One thing I am not, however, is techno-savvy.  I know more about computers than some people, but a helluva lot less than I need to should I ever want to change fields of employment.  Of course, the other day when I fixed something the tech guy in the next room hadn't yet figured out, I almost peed my pants with excitement.  Yes, apparently I am the piddling puppy of the computer world.

Here's the thing, though.  When I click on something, such as a link or a start button or the word "send," I truly hope and expect that the computer will do exactly what I tell it to do.  If it doesn't, I just get sad.

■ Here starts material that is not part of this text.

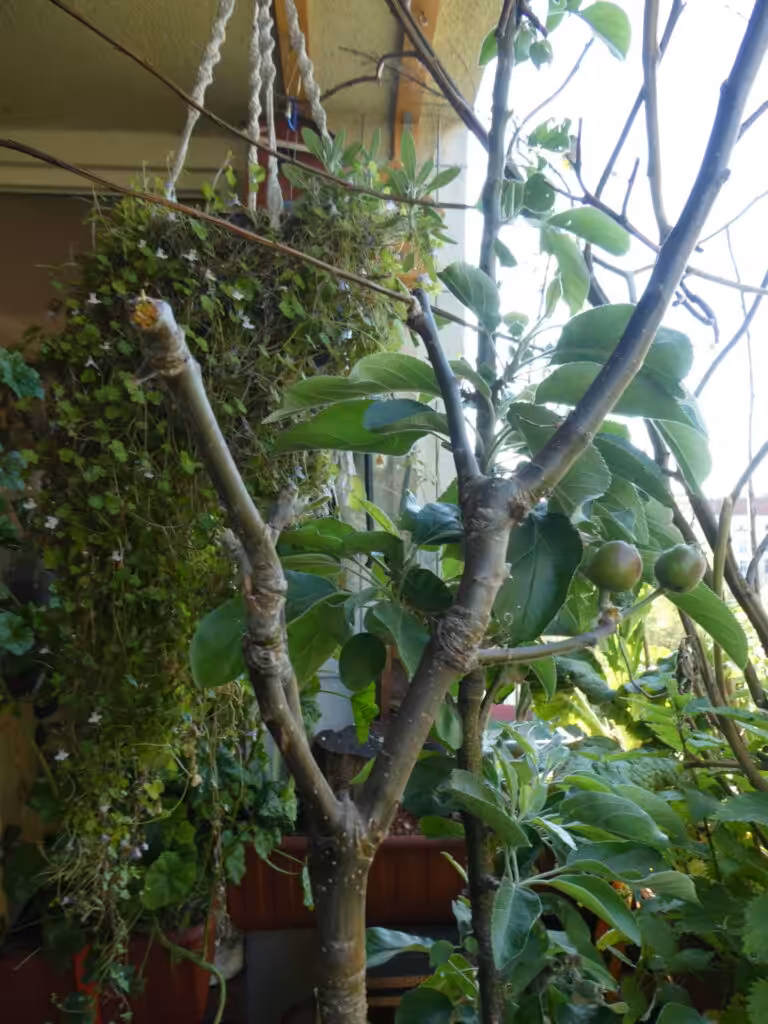 Balkon, Gärtnern Balkon, nachhaltiges Gärtnern, biologisches Gärtnern, Balkongarten, Gärtnern Balkongarten, ökologisches Gärtnern, Eichhörnchen, Eichhörnchen Balkon, Eichhörnchen Balkongarten, Eichhörnchen Garten, Biobalkon, Bio-Balkon, Natur mitten in der Stadt, Stadtnatur, Natur in der Stadt, Selbstversorgung Balkon, Selbstversorgung Balkongarten, Naturbalkon, Wildpflanzenbalkon, essbare Wildpflanzen, bienenfreundlich gärtnern, insektenfreundlich gärtnern, bienenfreundliche Pflanzen, insektenfreundliche Pflanzen, Vogel Balkon, Insekten Balkon, Natur Balkon, Natur Balkongarten, Biotop Balkon, Biotop Balkongarten, Vogelbalkon, Insektenbalkon, Obst Balkon, Säulenobst, Säulenobst Balkon, Säulenobst Balkongarten, Naschbalkon, , was fressen Eichhörnchen, was fressen Eichkatzerl, was fressen Eichkater, Eichkatzerl Balkon, Eichkater Balkon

Take Friday night, for example.  I know that I must have some work produced for my Saturday thesis session, so I start spitting out some drafts and doing some editing.  I mean, I am busting my chops getting this shit done.  All I have to do is send it to my advisor as an attachment.

I said, all I have to do is send it to my advisor as an attachment.

All I have … all … I … do … send.  Send.  Sendsendsendsendsendsend.  SEND.

Motherfucker.

I am wasting valuable time trying to send three more completed pieces to my advisor.  What I really need to be doing is prepping more material for the thesis writing marathon session at the café.  An hour.  My god, I've wasted a damn hour fighting with this email.  I check my email.  Nope, everything works fine on my end.  I check the university's email because often times the server is down for maintenance.  Nope, all systems are go.

Frustrated and totally pissed off (there's that peeing and piddling reference again), I save my work to the computer and to a flash drive and to Dropbox and call it a wash.  I prep my drafts for Saturday and vow not to even remotely consider trying to attach these drafts to an email until I am in a calm state.

Finally, Sunday morning after mainlining a strong cup of caffeine-laced tea, I am ready.  I have two computers -- the old one where all the original files are stored, and a newer one that is equipped with the latest and greatest track changes capabilities.  I need to make sure everything goes out through the upstairs computer as it will surely come back with track changes in Office 2010.  The downstairs computer has Office 1852, or some such, so I have to make this work no matter the emotional, psychological, or physical cost.

I sit at the computer, stare at the screen, and start typing.  First I call up the university website.  So far, so good.  Then I enter into the email system.  Still working.  I open a new mail document and type in some minor banter that basically means, "Here are some more drafts.  Please be merciful as I am one step away from having myself committed."  I click on the "attach" icon and … and … and … it opens.  Holymotherofgod, it opens.

Stealthily, oh so craftily I attach file number one.  Bingo.  Equally stealthily and equally craftily I attach file number two.  Bingo.  Could it really be this painless?  Please, oh, please let document number three attach.  Pleasepleasepleasepleaseplease.  Honestly, I am praying to the Microsoft gods at this very moment, willing everything to work exactly as it is designed to.  I click the last item and … and … and …

It attaches. 

Light brightly shines through the sheer curtain.  Trumpets blare.  I swear I can hear angels singing.

Before I hit send, there are three small repeated words in the corner by each document that read "preview."  Should I?  Should I really dare?  Oh, what the hell.  Like Peter Griffith staring at the red button that claims "Do NOT press," I simply must preview the attachments.  I check all three drafts.  Except for some lazy formatting on one, which I can fix later, everything looks good, I haven't lost anything nor accidentally deleted the files, and my email banter sounds almost rational.

SEND.

I wait.  Surely something will go awry.  Surely this will all bounce back and smack me right between the eyes.

Nope.  At least not as of this moment.  It appears as if all of the files have traveled to their ultimate destination, to my advisor, without a single hitch.  Of course I thought the same about paper #1, but that never arrived in her office, but papers #2 and #3 did.  These are papers #4, #5, and #6.  I decide to re-edit #1 and will send it off later this week so the professor doesn't feel bombarded and run away screaming.

If all goes well, and with luck it will, I shall be able to take my thesis when this is all done and wallpaper my entire townhouse with it.  After all, it will have about as much value as the degree I'll be handed in May if I survive this thesis process, and it will probably all go into the same pile as the rest.  The good news is I can send it to my junk pile by hand.  It's easy, it's painless, and it's a guaranteed dunk.